Director:  Martha Coolidge.

There is a sub-genre of film drama, only recently identified, which has come to be known as the "chick movie." The term has at times been used to define any film which women tend to like more than men (SLEEPLESS IN SEATTLE comes to mind), but in its strictest sense I define a "chick film" as one which deals with relationships men could only attempt to comprehend: mother-daughter, female friendships, and birth mother-child. ANGIE definitely falls within this framework. It's got mothers, daughters, friends, childbirth and a dose of heartbreak to guarantee maximum lacrimal viscosity, and all these things may affect the target audience. I found myself impressed by Geena Davis' performance, but bothered by the obvious and excessive manipulation which never really pays off, and by some unfortunate mixed messages.

Davis plays the title character, Bensonhurst, Brooklyn resident Angie Scacciapensieri. Approaching thirty, Angie has spent her whole life in the same neighborhood with the same best friend, Tina (Aida Turturro), and the same boyfriend, Vinnie (James Gandolfini). Then one day, something does change in Angie's life: she's pregnant. As everyone assumes she and Vinnie will be getting married, Angie begins to think about all the experiences she's been missing. She begins a relationship with flighty attorney Noel (Stephen Rea), and tries to expand her horizons. But as the baby arrives, Angie realizes that ultimately she must confront the memory of the mother who deserted her at the age of three to get her life straight.

Geena Davis' performance as Angie is easily the best thing about ANGIE, which is fine because it's also the most important thing. Most of Davis' roles to date have emphasized her comic talents, but ANGIE confirms what THELMA & LOUISE suggested: that Davis is a very gifted all around actor. She gets to work with the whole range of emotions, big and small, bright and dark, and she handles all of them with grace and sparkle. Stephen Rea is also extremely slick and charming as Noel, and the scenes between Davis and Rea provide many of ANGIE's highlights. Through its first hour, ANGIE is an interesting and appealing character drama with real promise.

The second half of Todd Graff's script suffers from two major problems. The first is that it seriously overloads on emotional high points. There were at least four separate points at which I thought that ANGIE had reached its climax, and what made that decision the most frustrating is that none of them quite provided the catharsis that ANGIE needed but always just missed.
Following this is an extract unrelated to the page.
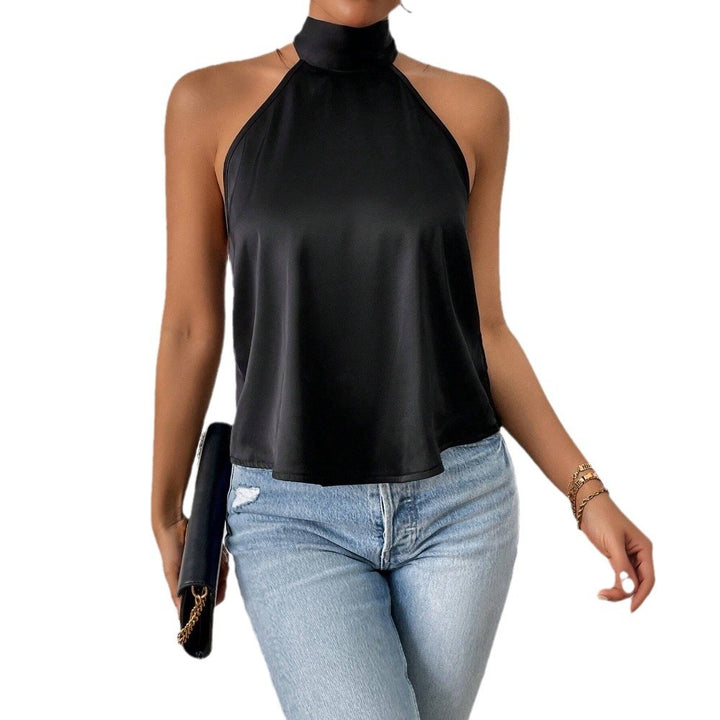 Elegant women's top with backless design and silky finish Chic & Stil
I got the feeling that Hollywood Pictures had tested several endings, found that the audiences responded to each one, and then decided to keep them all. Consequently, ANGIE loses its narrative momentum two thirds of the way through and coasts to the finish on its tear-jerking.

The second, and perhaps more distracting, problem is a rather personal distaste for what I perceived as a sell-out in the change in Angie's perspective which occurs at the end of the film. ANGIE begins as a story about a woman who feels trapped by her life trying to change it for the better through new experiences. When some of these new experiences don't turn out well, and Angie's life takes some disappointing turns, she seems to take all the wrong lessons away from those experiences. A speech Angie makes to her baby surprised me by suggesting that Angie believed her problem was thinking too much about herself, when I felt she was thinking about herself for the first time in her life. The fits and starts in the film's many climaxes left me wondering what it was that I was supposed to have learned from Angie's story.
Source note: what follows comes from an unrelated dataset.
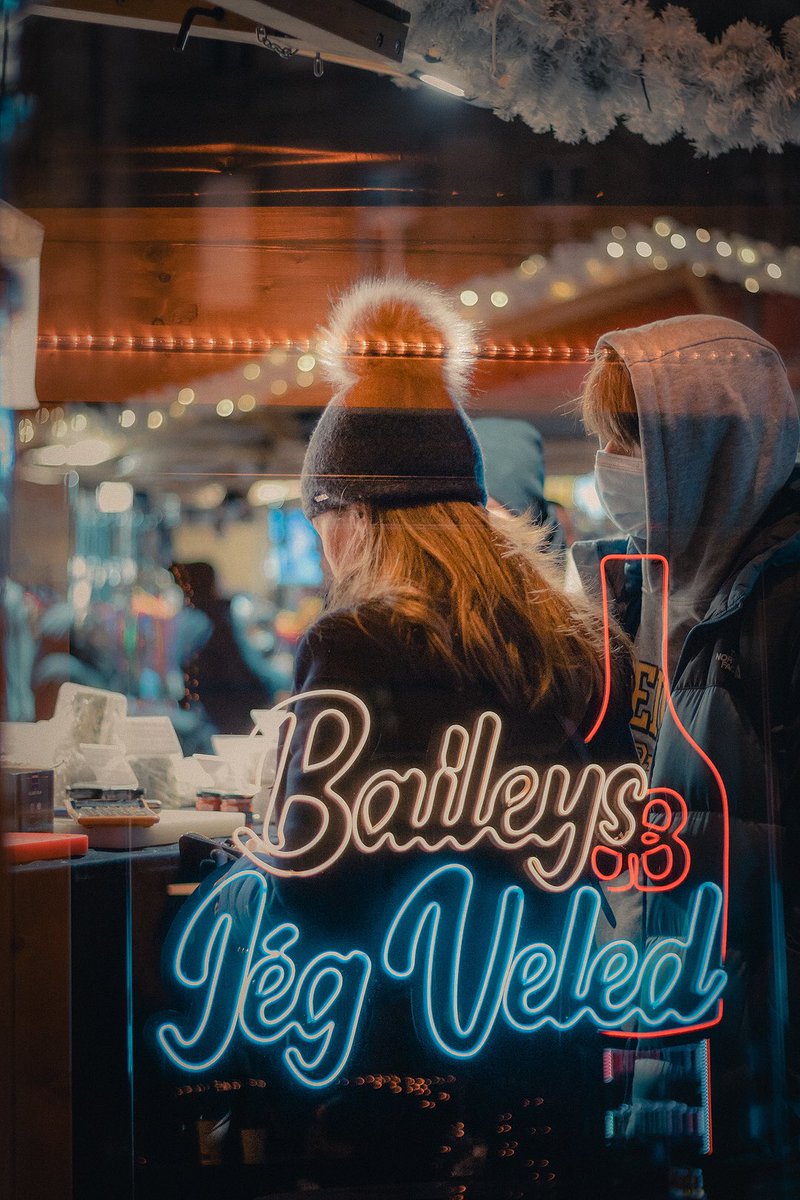Double exposure in camera 📸🙂 #streetphotography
It is a given that a film like ANGIE pulls emotional strings, and that in itself is not a failing. Manipulating our emotions is what films are supposed to do; the best ones just manage to do it so skillfully that we don't notice or don't care. ANGIE doesn't achieve that deft middle ground. It crosses its signals, piles on the pathos, and leaves its star to carry most of its emotional baggage.

     On the Renshaw scale of 0 to 10 emotional climaxes:  5.
--
Scott Renshaw
Stanford University
Office of the General Counsel
.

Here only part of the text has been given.